XML provides two ways to describe additional constraints that a file
must satisfy in order to be considered as valid.
* DTD
The Document Type Description is the original way to do this. They
come directly from the ancestor of XML, SGML. All XML parsers must
parse the DTD, and report events if the user is using SAX. However,
not all parsers are able to validate the document against a DTD
(XML/Ada doesn’t).
Their use tends to greatly diminish. Among their limitations are a
limited capability to express constraints on the order of tag
children, the fact that the DTDs themselves are written in a
separate language totally different from XML, and that users must
learn this language as a result.
* XML Schema
The XML schemas are replacing the DTDs. They are written in XML, and
provide an extensive capability to describe what the XML document
should look like. In fact, almost all Ada types can be described in
an XML schema, including range constraints, arrays, records, type
inheritance, abstract types…
It is for instance possible to indicate that the value of a
preference, in our example, must be a string of length 6. Any other
length will result in a validation error.
6.2. XML Schema Syntax
======================
The Schema module provides subprograms and types to parse an XML
schema and validate an XML document with this schema.
This document does not provide a full documentation on the format of
XML Schemas. This is extensive, has several obscure features, which,
although supported by XML/Ada, are of little use in most practical
usages. We refer the reader to the first part of the XML Schema
specification, which is designed as a tutorial
(http://www.w3.org/TR/xmlschema-0/).
The typical extension for a schema file is ".xsd".

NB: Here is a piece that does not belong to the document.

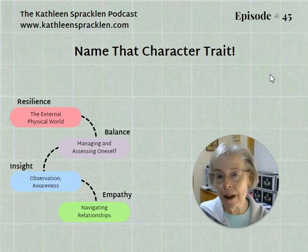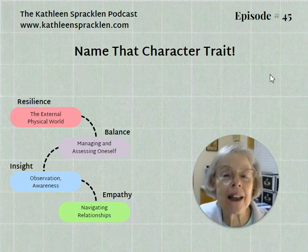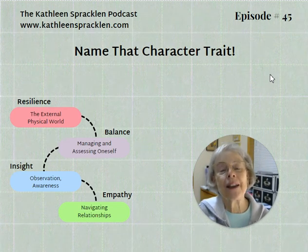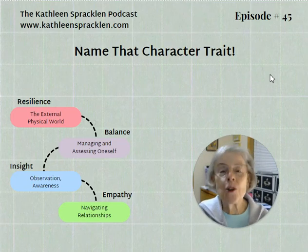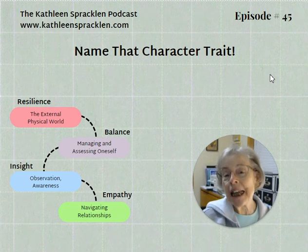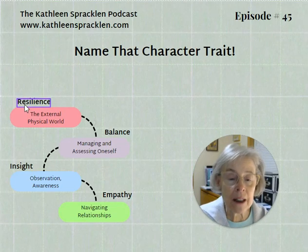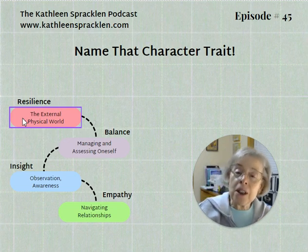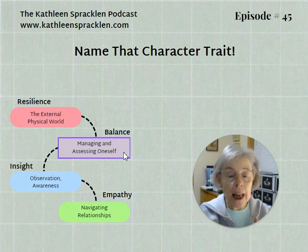We've been assembling our stories and trying to work through them to name our character trait. Tonight, let's play a game. I'm going to give you a scenario and see if you can name the character trait evidenced in that story. Sometimes there might be more than one, but usually there's one that's going to really dominate. You've got a little bit of an easier time than it will be in the future because we've so far only talked about the resilience traits, which are the character against the external physical world, and the balance traits, which have to do with the character managing his own self.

A schema file must be a valid XML file, and thus start with the usual
"<?xml version="1.0" ?>" line. The root node must be named *schema*,
and belong to the namespace (http://www.w3.org/2001/XMLSchema/). The
handling of namespaces is fairly powerful, but also complex. A given
XML document might have nodes belonging to several namespaces, and
thus several schema files might have to be loaded, each defining one
of the namespaces.
In the following simple example, we will not define our schema for a
specific namespace, and thus no special attribute is needed for the
root node. Thus, our document will be organized as:
<?xml version="1.0" ?>
<xsd:schema xmlns:xsd="http://www.w3.org/2001/XMLSchema">
... rest of the description goes here ...
</xsd:schema>
An XML schema does not enforce a specific root node in the XML
documents it validates. However, it must define all the valid elements
that can be used in the XML file. This is done through the *<element>*
tag, which takes one mandatory attribute, the name of the element we
are defining.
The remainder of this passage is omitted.